Josaphat Kuntsevych, O.S.B.M., (c. 1580 – 12 November 1623) (Polish: Jozafat Kuncewicz, Lithuanian: Juozapatas Kuncevičius, Ukrainian: Йосафат Кунцевич, Josafat Kuntsevych) was a Polish–Lithuanian monk and archeparch (archbishop) of the Ruthenian Catholic Church, who on 12 November 1623 was killed by an angry mob in Vitebsk, Vitebsk Voivodeship, in the Polish–Lithuanian Commonwealth (present-day Belarus). He is "the best-known victim" of anti-Catholic violence related to implementing the Union of Brest, and is declared a martyr and saint of the Catholic Church.

His death reflects the conflict among Christian Orthodox and Catholics that had intensified after the Ruthenian Orthodox Church (Kiev Metropolitanate) confirmed its communion with the Roman Catholic Church through the 1596 Union of Brest.

Life

Historical and religious background

King Sigismund III Vasa's policy for the Counter-Reformation in the Polish–Lithuanian Commonwealth was to reunite, "through missions to non-Catholics, both Protestant and Orthodox," all Christians into the Roman Catholic Church. After preliminary negotiations with Sigismund III and with Grand Chancellor and Great Hetman of the Crown Jan Zamoyski, a delegation of bishops from the Eastern Orthodox Metropolitanate of Kiev (1458–1596) [uk] was sent to Rome in 1595 to accede to the Union of Brest on condition that their rituals and discipline were left intact.
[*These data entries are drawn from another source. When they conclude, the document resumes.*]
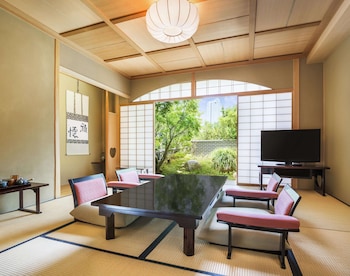 Japanese Garden Suite, Non Smoking, 2F [2 single beds and 2 Japanese futons]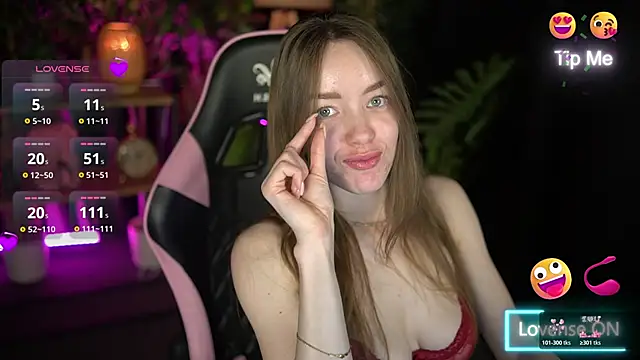 Velouraa online show from 12/21/25, 03:08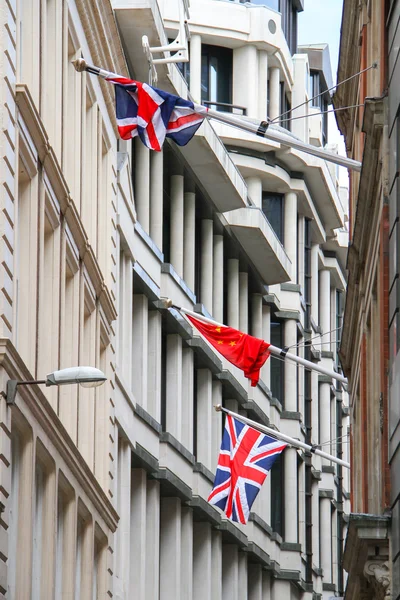 Union jack bayrakları ve Çin Halk Cumhuriyeti bayrağı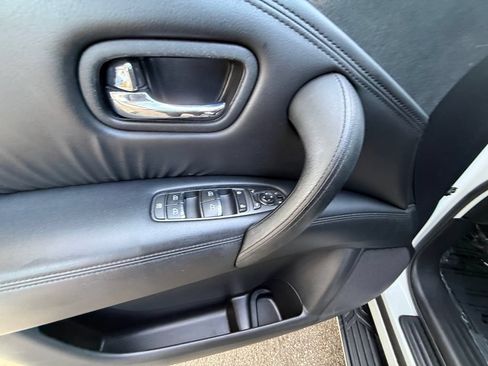 Used 2022 Nissan Armada SV w/ SV Appearance Package RWD image 11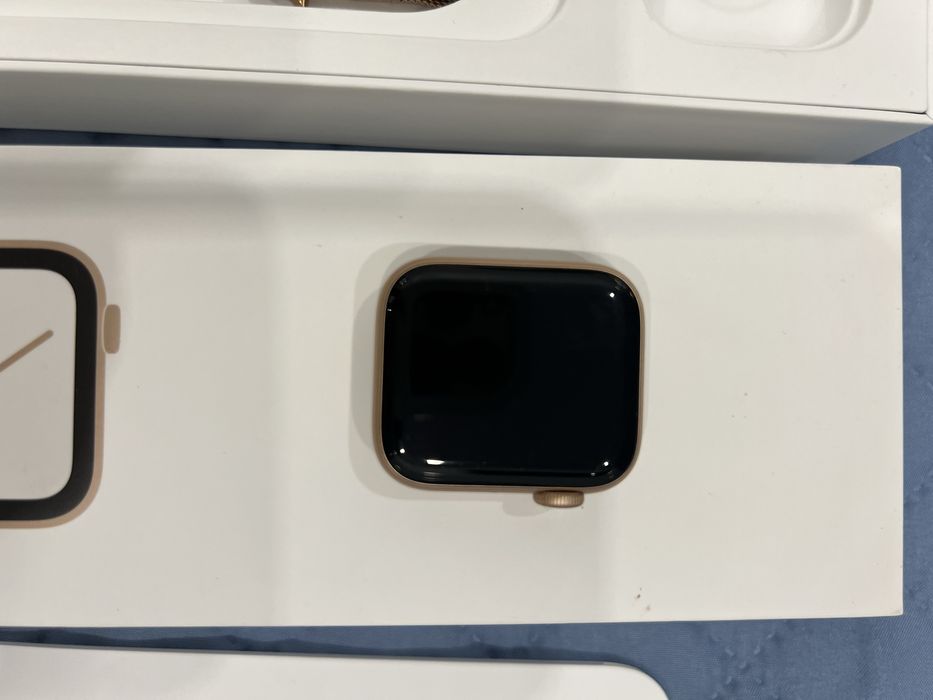 Часы  женские apple watch  4 серии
Most Eastern Orthodox bishops within the Commonwealth, including Michael Rohoza, metropolitan of Kiev – but at Vilnius, Vilnius Voivodeship, the capital city of the Grand Duchy of Lithuania, in the Polish–Lithuanian Commonwealth – were signatories of the Union of Brest in 1596 which brought the Metropolitanate of Kiev into communion with the Roman Catholic Church. Two ecclesiastical factions, those Eastern Orthodox bishops who were signatories and those Eastern Orthodox bishops who were not signatories, met and excommunicated each other, but those who did not assent were in a much worse position than before, because they were no longer officially recognized. The Union resulted in two sectarian groups:

Main article: Union of Brest
  • Eastern Orthodox adherents who did assent to the Union of Brest articles became Eastern Catholic and were known as "Uniates", or "unici" in Polish. They were considered as "schismatics and traitors" by the Orthodox Church. "About two-thirds of the Ruthenian population" were Uniates by 1620. The northeastern voivodeships became predominantly Uniate.
  • Eastern Orthodox adherents who did not assent to the Union of Brest articles remained Eastern Orthodox and were known as "Disuniates [pl]", or "dysunici" in Polish; they were considered religious dissidents by the government. The southeastern voivodeships became predominantly Disuniate. Disuniates were subjected to varying degrees of religious persecution by the state with the active support of Uniate and Latin Rite Catholic clergy. The Disuniates were leaderless until a reestablished Eastern Orthodox Metropolitanate of Kiev (1620–1685) [uk] hierarchy was consecrated in 1620, which the government legalized in 1632.

Early life

He was born Ioann Kuntsevych in 1580 or 1584 in Volodymyr, Volhynian Voivodeship, in the Lesser Poland Province of the Polish Crown (now in Ukraine). He was baptized into a family associated with the Eastern Orthodox Church.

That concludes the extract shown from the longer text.